Whitman tuvo por aquel entonces un inmediato efecto de cercanía -porque era cierto que quien tocaba aquel libro tocaba un hombre, como él mismo sostenía-, pero resultaba a la vez muy distante en términos cronológicos. Hoy, en cambio, tanto después, la relectura lo vuelve más contemporáneo que a muchos.
Llama la atención que una fecha tan redonda como el bicentenario de Whitman (nació hace dos siglos, el 31 de mayo de 1819) haya pasado poco menos que inadvertida. No hay muchos de los que se pueda decir, como ocurre con el autor de Hojas de hierba, que cambiaron una manera de encarar el arte y, también, al mismo tiempo, la vida.
Swinburne lo comparó con William Blake, pero quería indicar que Whitman no se parecía a nadie. La sensualidad no era nueva en la poesía, pero la franqueza de ese individuo con deliberado aspecto rústico iba a contramano de todo. Se celebraba a sí mismo, pero no de modo confesional: exaltaba su cuerpo, pero invocaba a los lectores, sus camaradas, diciéndoles que cada átomo que le pertenecía a él también les pertenecía a ellos. Cada hombre, podía leerse, es un cosmos. No hay que tener intuición histórica para calibrar los efectos revulsivos de esa visión. Whitman fue siempre una excepción, pero en parte tuvo suerte. El trascendentalista Emerson celebró que alguien por fin estableciera una relación personal con el universo, de verdad americana, aunque para eso tuviera que hacerse el distraído con las connotaciones sexuales de esos versos que le cantaban al "cuerpo eléctrico".

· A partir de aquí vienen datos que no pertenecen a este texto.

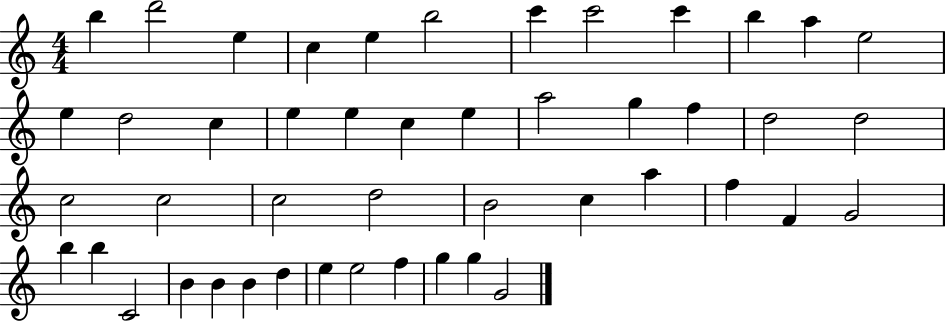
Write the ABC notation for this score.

X:1
T:Untitled
M:4/4
L:1/4
K:C
b d'2 e c e b2 c' c'2 c' b a e2 e d2 c e e c e a2 g f d2 d2 c2 c2 c2 d2 B2 c a f F G2 b b C2 B B B d e e2 f g g G2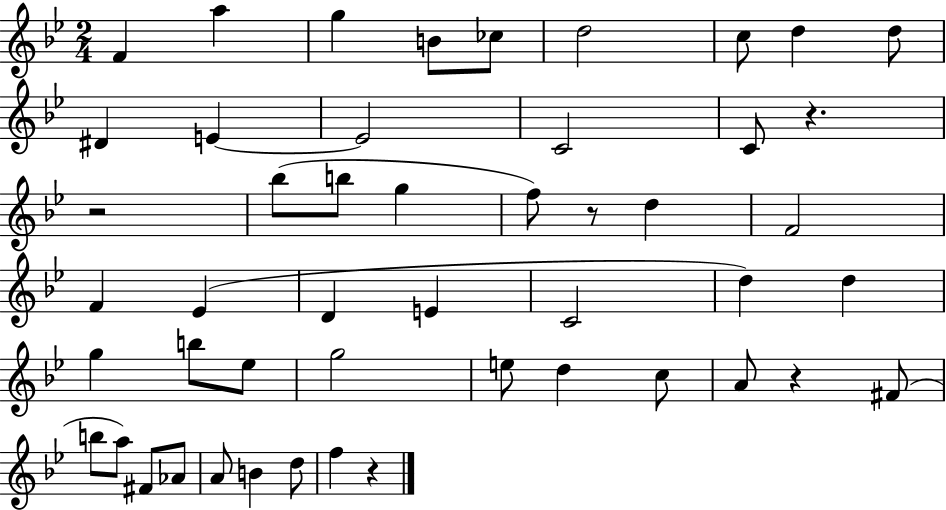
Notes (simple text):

F4/q A5/q G5/q B4/e CES5/e D5/h C5/e D5/q D5/e D#4/q E4/q E4/h C4/h C4/e R/q. R/h Bb5/e B5/e G5/q F5/e R/e D5/q F4/h F4/q Eb4/q D4/q E4/q C4/h D5/q D5/q G5/q B5/e Eb5/e G5/h E5/e D5/q C5/e A4/e R/q F#4/e B5/e A5/e F#4/e Ab4/e A4/e B4/q D5/e F5/q R/q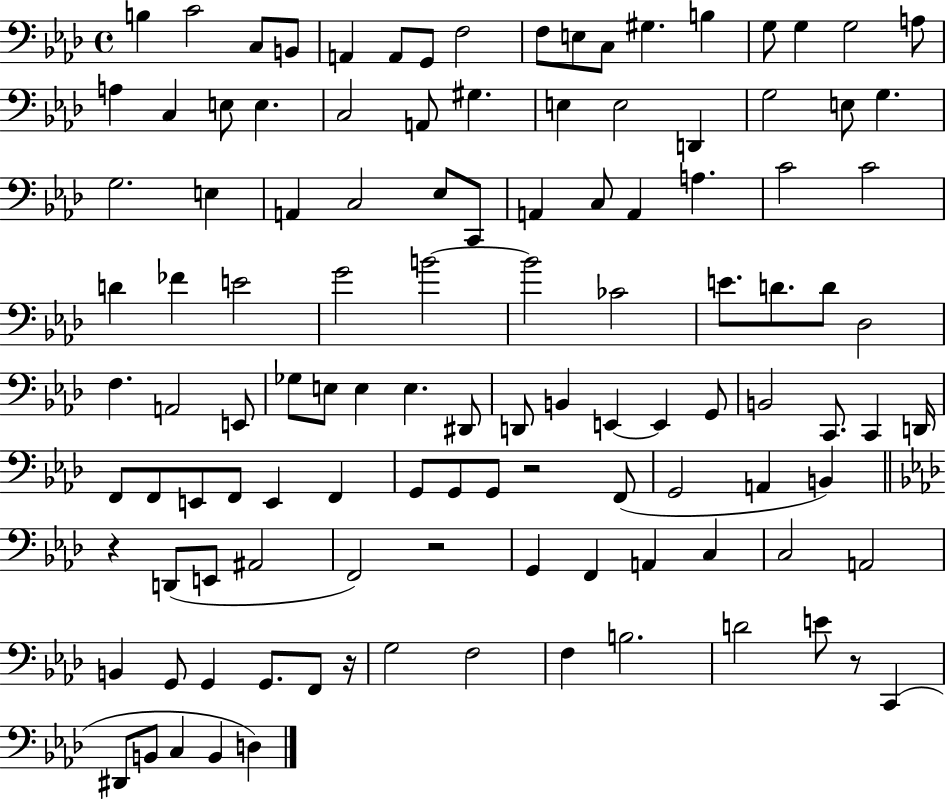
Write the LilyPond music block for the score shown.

{
  \clef bass
  \time 4/4
  \defaultTimeSignature
  \key aes \major
  b4 c'2 c8 b,8 | a,4 a,8 g,8 f2 | f8 e8 c8 gis4. b4 | g8 g4 g2 a8 | \break a4 c4 e8 e4. | c2 a,8 gis4. | e4 e2 d,4 | g2 e8 g4. | \break g2. e4 | a,4 c2 ees8 c,8 | a,4 c8 a,4 a4. | c'2 c'2 | \break d'4 fes'4 e'2 | g'2 b'2~~ | b'2 ces'2 | e'8. d'8. d'8 des2 | \break f4. a,2 e,8 | ges8 e8 e4 e4. dis,8 | d,8 b,4 e,4~~ e,4 g,8 | b,2 c,8. c,4 d,16 | \break f,8 f,8 e,8 f,8 e,4 f,4 | g,8 g,8 g,8 r2 f,8( | g,2 a,4 b,4) | \bar "||" \break \key aes \major r4 d,8( e,8 ais,2 | f,2) r2 | g,4 f,4 a,4 c4 | c2 a,2 | \break b,4 g,8 g,4 g,8. f,8 r16 | g2 f2 | f4 b2. | d'2 e'8 r8 c,4( | \break dis,8 b,8 c4 b,4 d4) | \bar "|."
}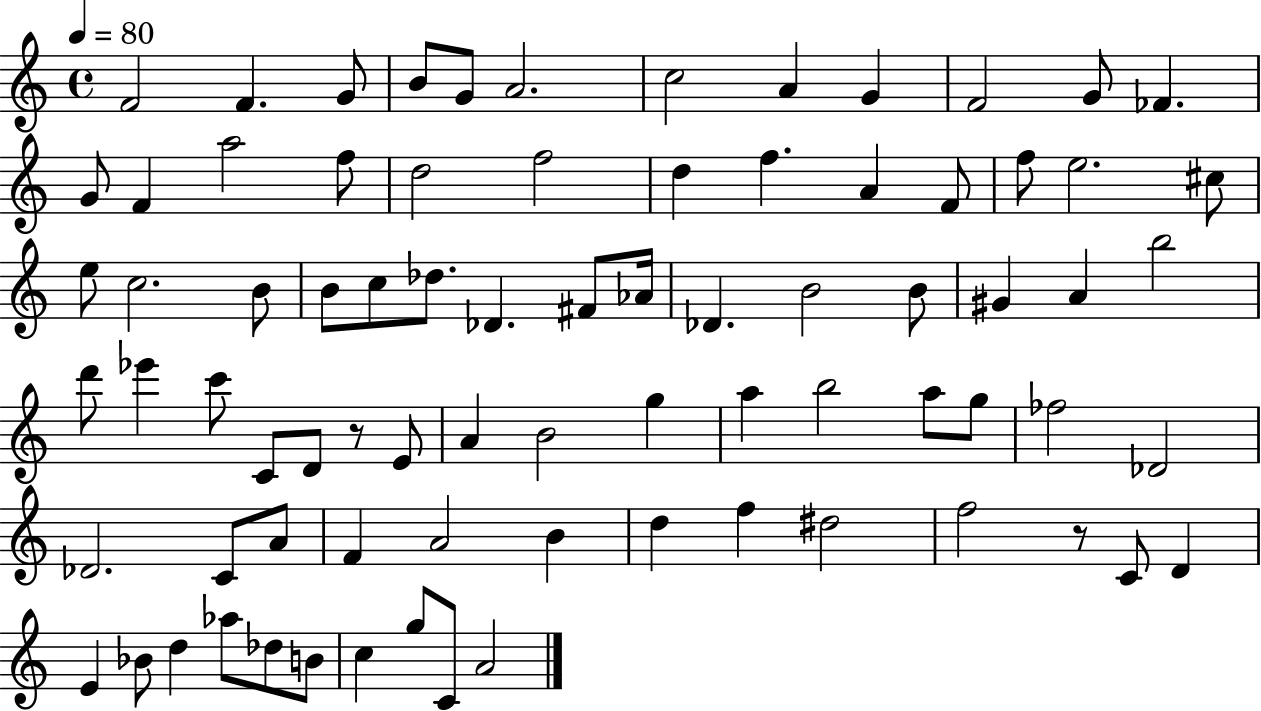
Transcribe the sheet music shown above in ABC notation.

X:1
T:Untitled
M:4/4
L:1/4
K:C
F2 F G/2 B/2 G/2 A2 c2 A G F2 G/2 _F G/2 F a2 f/2 d2 f2 d f A F/2 f/2 e2 ^c/2 e/2 c2 B/2 B/2 c/2 _d/2 _D ^F/2 _A/4 _D B2 B/2 ^G A b2 d'/2 _e' c'/2 C/2 D/2 z/2 E/2 A B2 g a b2 a/2 g/2 _f2 _D2 _D2 C/2 A/2 F A2 B d f ^d2 f2 z/2 C/2 D E _B/2 d _a/2 _d/2 B/2 c g/2 C/2 A2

Whitman, digamos, se inventó un papel, el del plebeyo que circula entre el gentío y confía en la limpia inocencia que le viene de la naturaleza por la que vagabundea sin complejos de culpa. En vez de atenerse a las rimas y formas de la poesía inglesa, le dio un estatus definitivo al verso libre, que en sus manos se volvió una forma de respirar. Nunca fue, y ese es su atributo más secreto, sentimental. Su camaradería democrática, que incluye a las mujeres, es la prolongación de su mirada universal, al igual que su asunción del "amor varonil", como lo llama en Calamus.

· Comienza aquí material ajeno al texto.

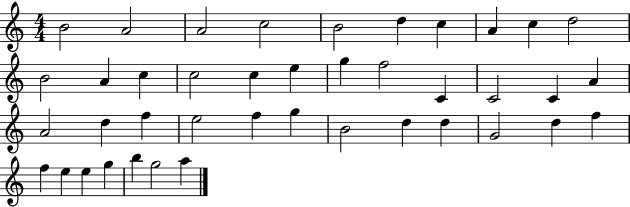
B4/h A4/h A4/h C5/h B4/h D5/q C5/q A4/q C5/q D5/h B4/h A4/q C5/q C5/h C5/q E5/q G5/q F5/h C4/q C4/h C4/q A4/q A4/h D5/q F5/q E5/h F5/q G5/q B4/h D5/q D5/q G4/h D5/q F5/q F5/q E5/q E5/q G5/q B5/q G5/h A5/q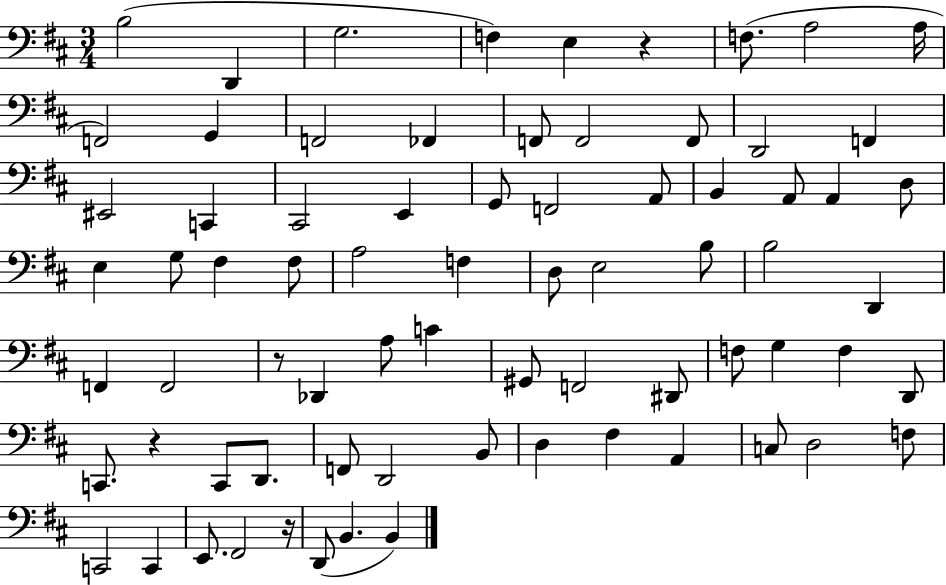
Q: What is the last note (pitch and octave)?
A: B2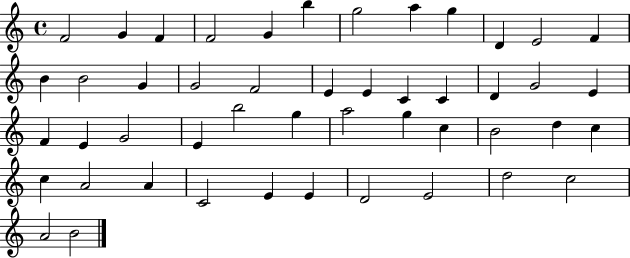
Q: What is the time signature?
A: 4/4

Como se sabe, Hojas de hierba, su gran libro, fue reuniendo, a golpe de reimpresiones, la totalidad de su obra poética. La primera edición, en 1855, tenía apenas una veintena de poemas, y un detalle: no llevaba el nombre del autor en la portada, pero sí constaba en el interior una fotografía que mostraba a un treintañero barbudo, con el cuello de la camisa abierto, posando orgullosamente como un hombre común.
Whitman no renegaba de la autopromoción: según sus biógrafos, podía quedarse horas en la recepción de un diario para asegurarse una reseña. No es difícil imaginarlo hoy divulgando su buena nueva por las redes, aunque tampoco es difícil prever qué le incomodaría de este mundo. Pensaba que el cuerpo también era el alma, pero llegó a advertir que su país empezaba a perder la segunda. En un ensayo, Democratic Vistas, de 1871, critica con amargura, después de la Guerra Civil que tanto lo afectó, que "ganar dinero se haya convertido en el único objetivo imperante", que el cuerpo de su nación avanzara "con pasos sin precedente hacia un imperio tan colosal que dejará atrás a los de la antigüedad". Es en ese punto donde su poesía, que nunca habla de esas cosas y apunta en otra dirección, se vuelve urgente y urticante. Whitman nunca confundiría el ocio lujoso o los algoritmos con la pura libertad.